It was common for the children of the East Coast establishment
to have a stint in England, preferably at the London
School of Economics, before settling down to their
chosen careers, and accordingly Sweezy went for a
while from Harvard to LSE. (John F. Kennedy for instance
was to do the same some years later). At LSE he duly
enrolled to attend the lectures of Friedrich Von Hayek,
whom Lionel Robbins had brought from the continent
to counter the influence of Keynes in English intellectual
life. Hayek's strong and persistent attacks on Marx
in the course of his lectures persuaded Sweezy to
make a proper study of Marxism. At the end of that
study he was a Marxist! And the result of that study
was his magnum opus, The Theory of Capitalist Development
(1942), its title inspired by his old teacher Joseph
Schumpeter's book, The Theory of Economic Development.
(The English edition of Sweezy's book with a foreword
by Maurice Dobb was published in 1946.)
Meanwhile Sweezy had joined the economics faculty
at Harvard; but when the time came for Harvard to
take the "up or out" decision in the case
of Sweezy, the clear pointer was towards an "out"
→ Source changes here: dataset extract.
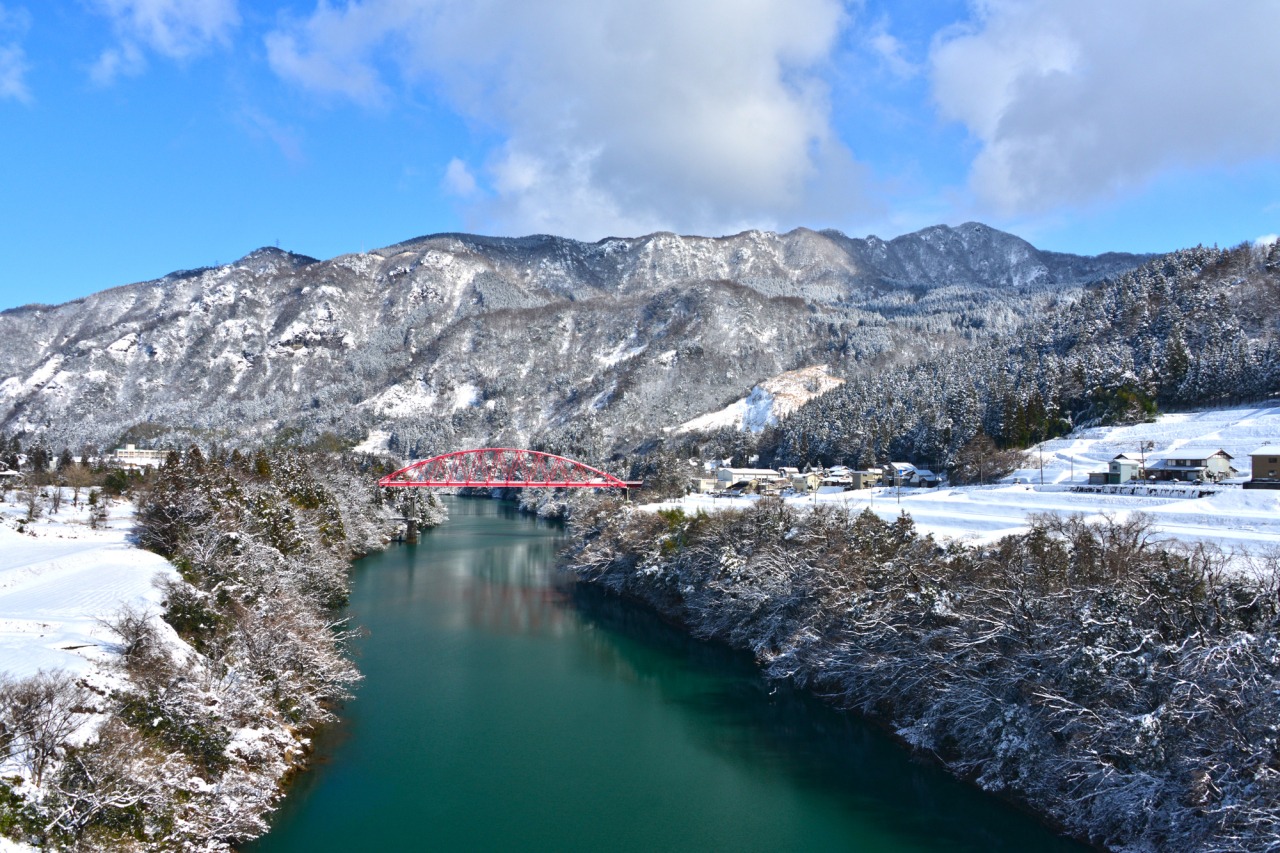 雪景色の神通峡も絶景です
decision, his Marxist predilections having become
apparent meanwhile. Sweezy did not wait for the decision;
he resigned from the Harvard faculty. It is ironical
that both Sweezy and Samuelson, representing very
different ideological positions, had to suffer victimization
at Harvard, though each for a different reason: Sweezy
for his Marxism, and Samuelson allegedly for his Jewishness.
But while Samuelson migrated only a few hundred meters
to join and build up the economics faculty at MIT,
Sweezy gave up his academic career altogether, and
set up, along with his friend Leo Huberman (well-known
for his excellent introduction to Marxism, Man's Worldly
Goods), a journal Monthly Review, which, it would
be no exaggeration to say, became the most significant
socialist journal anywhere in the world in
the English language. (Among its first set of contributors
was Albert Einstein with his essay "Why Socialism"?)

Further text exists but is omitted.